Tuesday, May 06, 2008

What, me, worry?

When it comes to masterplans for a global reduction in carbon emissions, it's usually taken as read that the world's richest economies will take the lead. Not only are they (well, we) best resourced to lead the necessary technological investment, and have the necessary economic and political stability to achieve their targets, they're generally also the ones responsible for large amounts of historical emissions. In short, it's their fault there's a problem, and they're the ones bet placed to help provide a remedy.

Of course, things are never that simple. Particularly when, it seems, the richest and most polluting countries are the least inclined to see the need to actually do anything.

That's long been a strong suspicion for many, but it's one that's borne out by new research by Hanno Sandvik of the Norwegian University of Science and Technology. Sandvik's paper, forthcoming in Climatic Change, finds a strong inverse correlation between the level of concern in a country’s population about the costs of climate change, and that country’s gross national product and greenhouse gas emissions.

Sandvik's explanation is primarily a psychological one. From the university's press release:
“People are all too willing to repress unpleasant truths, particularly if one is responsible for something that’s not good. I had a theory that the countries that contribute the most to global warming might perhaps have a population that would rather not believe so much in the dangers from climate change,” Sandvik says.

When Sandvik compared data on level of concern to data on emissions, he found support for his theory: the more responsibility a country had for causing global warming, the greater the tendency of its citizens to explain away or ignore the problem. And as a country’s emissions levels increased, the level of concern sank even further.
The five richest countries in the dataset were Norway, the United States, Ireland, Denmark and Canada. All of these countries are also considered to be among the worst in terms of greenhouse gas emissions. That consequently doubles the fertile ground for the lack of worry. Researchers were not particularly surprised by the findings. All “idealism research” shows that those who are most well off are always the least willing to contribute.

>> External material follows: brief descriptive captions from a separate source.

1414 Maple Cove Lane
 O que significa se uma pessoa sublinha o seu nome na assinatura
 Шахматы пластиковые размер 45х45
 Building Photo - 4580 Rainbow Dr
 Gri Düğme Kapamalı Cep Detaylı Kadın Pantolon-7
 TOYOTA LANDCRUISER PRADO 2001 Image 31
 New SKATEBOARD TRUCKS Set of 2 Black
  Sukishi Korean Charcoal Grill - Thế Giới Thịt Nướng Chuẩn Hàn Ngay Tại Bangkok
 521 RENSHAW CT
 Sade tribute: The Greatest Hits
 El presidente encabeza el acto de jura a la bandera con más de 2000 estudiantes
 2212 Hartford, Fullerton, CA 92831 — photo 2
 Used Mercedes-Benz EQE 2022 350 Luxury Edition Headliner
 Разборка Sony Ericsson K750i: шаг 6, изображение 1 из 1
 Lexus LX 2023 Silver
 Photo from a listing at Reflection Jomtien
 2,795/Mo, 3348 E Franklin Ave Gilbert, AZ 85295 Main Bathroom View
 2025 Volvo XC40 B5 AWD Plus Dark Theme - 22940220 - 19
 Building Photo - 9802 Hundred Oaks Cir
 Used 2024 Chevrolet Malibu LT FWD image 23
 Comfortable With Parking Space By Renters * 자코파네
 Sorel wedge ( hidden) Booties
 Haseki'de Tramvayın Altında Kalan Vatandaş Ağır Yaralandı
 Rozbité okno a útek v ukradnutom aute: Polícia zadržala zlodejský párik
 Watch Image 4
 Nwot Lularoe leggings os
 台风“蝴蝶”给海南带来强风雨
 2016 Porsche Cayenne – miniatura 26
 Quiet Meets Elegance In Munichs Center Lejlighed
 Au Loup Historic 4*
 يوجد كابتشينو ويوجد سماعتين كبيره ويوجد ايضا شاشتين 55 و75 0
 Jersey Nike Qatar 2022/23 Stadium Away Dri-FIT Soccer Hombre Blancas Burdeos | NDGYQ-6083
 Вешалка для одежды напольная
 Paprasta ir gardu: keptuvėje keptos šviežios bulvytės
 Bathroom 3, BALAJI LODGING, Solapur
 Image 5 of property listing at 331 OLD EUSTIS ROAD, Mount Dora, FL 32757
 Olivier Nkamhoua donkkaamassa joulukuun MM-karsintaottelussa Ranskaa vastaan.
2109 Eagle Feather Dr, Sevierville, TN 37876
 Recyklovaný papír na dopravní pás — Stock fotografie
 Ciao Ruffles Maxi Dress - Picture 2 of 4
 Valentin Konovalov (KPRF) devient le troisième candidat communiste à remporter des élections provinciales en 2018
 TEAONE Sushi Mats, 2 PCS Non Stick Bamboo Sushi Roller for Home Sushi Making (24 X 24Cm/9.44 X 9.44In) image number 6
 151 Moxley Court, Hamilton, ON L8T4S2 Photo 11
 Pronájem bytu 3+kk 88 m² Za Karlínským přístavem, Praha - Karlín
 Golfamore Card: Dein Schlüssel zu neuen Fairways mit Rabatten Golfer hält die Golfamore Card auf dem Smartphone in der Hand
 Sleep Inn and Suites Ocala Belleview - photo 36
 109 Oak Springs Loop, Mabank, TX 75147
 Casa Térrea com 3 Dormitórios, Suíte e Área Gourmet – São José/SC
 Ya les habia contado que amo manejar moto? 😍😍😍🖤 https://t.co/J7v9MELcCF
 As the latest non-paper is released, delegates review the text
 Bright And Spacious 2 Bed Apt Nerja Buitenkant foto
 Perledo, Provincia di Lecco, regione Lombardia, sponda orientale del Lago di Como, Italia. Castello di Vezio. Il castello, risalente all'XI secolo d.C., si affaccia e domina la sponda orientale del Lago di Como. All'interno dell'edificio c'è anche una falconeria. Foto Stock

“If you take global warming to heart, you understand that you have to sacrifice something. And the richer you are, the less willing you are to sacrifice. It’s far more pleasant to decide that you actually don’t quite believe in the climate threat”, Sandvik says.

This also gives the lie to the line, occasionally parroted by the climate change denial lobby, that reducing emissions is the preoccupation of a wealthy minority who don't care about the wealth of developing countries. Like virtually all their arguments, that's demonstrably utter bollocks.